A verdade é que, no caso dos psicanalistas ortodoxos, sua função no domicilio do doente não era muito mais ativa do que a de um vaso de flores. Limitavam-se a percorrer os cômodos murmurando “hemmm” e afirmando com a cabeça.
Muitos deles ainda continuam nas casas das famílias acomodadas, alguns como jardineiros, outros como primos ou enteados.
O auge da atividade psicanalítica no bairro de Flores popularizou suas técnicas mais simples. Qualquer costureira sabia o que era o complexo de Édipo ou uma neurose obsessiva.
Os Homens Sensíveis se sentiram fascinados pelo jogo da interpretação. Para eles não se tratava de um exercício científico, senão artístico. E não lhes faltava razão.
Alguém deixa um guarda-chuva esquecido no bar La Pilarica.
Interpretação: existe o desejo de voltar ao estabelecimento.
Alguém conta piadas o tempo todo.
Interpretação: há uma tristeza oculta.

Alguém sente horror pelos facões.
Interpretação: Houve um acidente na infância.
Claro que os poetas cunharam interpretações novas muitas delas de alto valor literário.
Vejamos:
Alguém mete o dedo no nariz.
Interpretação: Está à procura de sua alma.
Uma mulher é bela demais
Interpretação: Trata-se do demônio.
Um homem afia sua faca no meio-fio:
Interpretação: Vingança certa.
O mesmo mecanismo observa-se na interpretação dos sonhos. De acordo com os Homens Sensíveis, sonhar com uma mulher é amá-la, sonhar com sapatos pretos é morrer, sonhar com cair é o cinqüenta e seis.
Outra das conseqüências desta vocação psicológica foi a convicção geral de que tudo tem origens mentais.
Assim, quando um rapaz espetava um prego no pé, alguns médicos aplicavam a vacina para o tétano e outros perguntavam pela relação do espetado com seus pais. De qualquer maneira, o entusiasmou foi decaindo. Talvez o principal responsável foi Manuel Mandeb.

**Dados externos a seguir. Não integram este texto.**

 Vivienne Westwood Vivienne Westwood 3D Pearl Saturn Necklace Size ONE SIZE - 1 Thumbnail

O pensador árabe começou a desconfiar de quem tratava de abranger a alma com deficientes definições. Não gostava também da ausência do pecado naquelas construções onde não havia canalhas, senão doentes, e onde os sem-vergonhas eram chamados de psicóticos.
Destas inquietudes surge uma obtusa monografia titulada “Loucos éramos os de antes”. Na verdade, o trabalho consiste na exposição de cento e nove casos de pessoas que concorreram ao psicanalista, sem se curarem de nada e – o que é pior – adquirindo uma espantosa satisfação de si mesmos.

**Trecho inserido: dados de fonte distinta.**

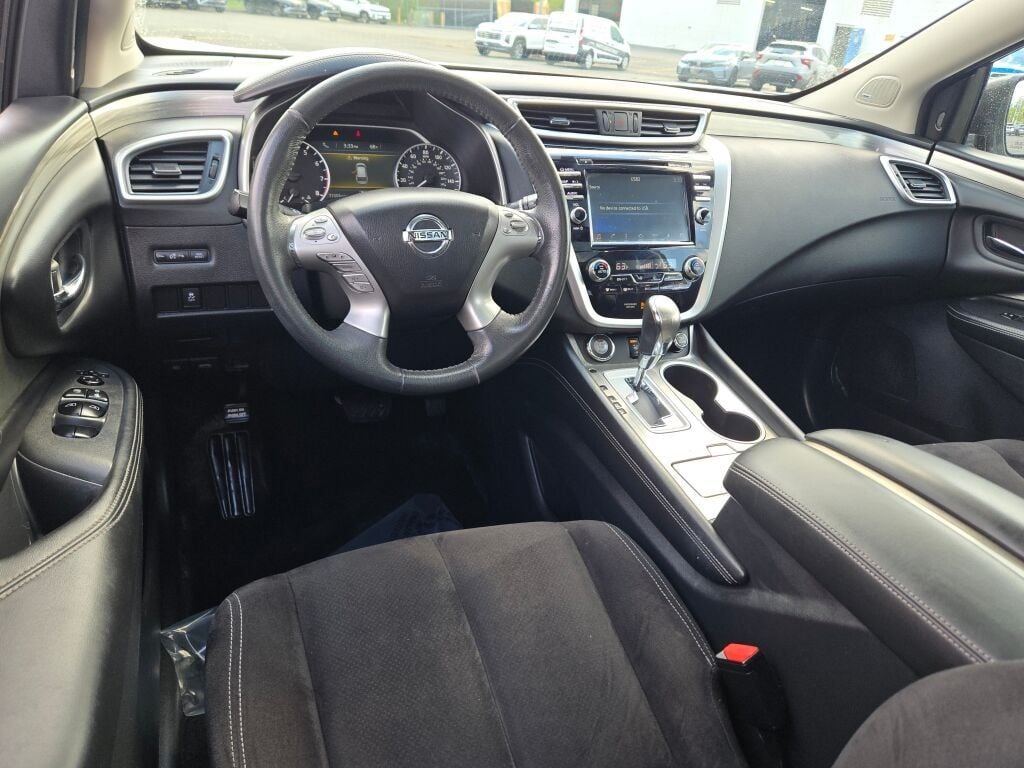 2017 Nissan Murano SV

A verdade é que o trabalho de Mandeb carece de todo rigor científico, mas consegue deixar a estranha sensação de que à psicanálise tampouco lhe sobra este rigor. Isto é talvez falso.
Mas a gente não termina de se convencer, tal é o efeito que os pensadores apaixonados, como Manuel Mandeb, produzem nas pessoas razoáveis.
Hoje em dia, suponho eu, os grandes investigadores da alma transitaram outros cominhos menos pitorescos. Já não parece ter muito sentido contar nossas fantasias a um senhor durante vinte e cinco anos para ver se conseguimos dormir tranqüilos.
Meus amigos ilustrados contam que há novas técnicas e que a ciência avança em forma brutal.
Como queira que seja, o simples propósito desta nota foi chamar a atenção sobre aspectos estéticos da psicanálise. Não importa que não sirva para nada: seus rituais, suas aristas absurdas, seus tiros na noite, suas metáforas, sua solenidade são elementos que um verdadeiro artista não deveria desestimar jamais.
Talvez eu chegasse tarde e todos já compreenderam isto.
Talvez os terapeutas e seus pacientes não façam nada mais do que brincar, semana a semana, um jogo apaixonante em que as fichas são sonhos, ilusões, fantasias, lembranças, angustias, amores, desencontros e frustrações.
Isto é quase tão bom quanto curar manias de perseguição.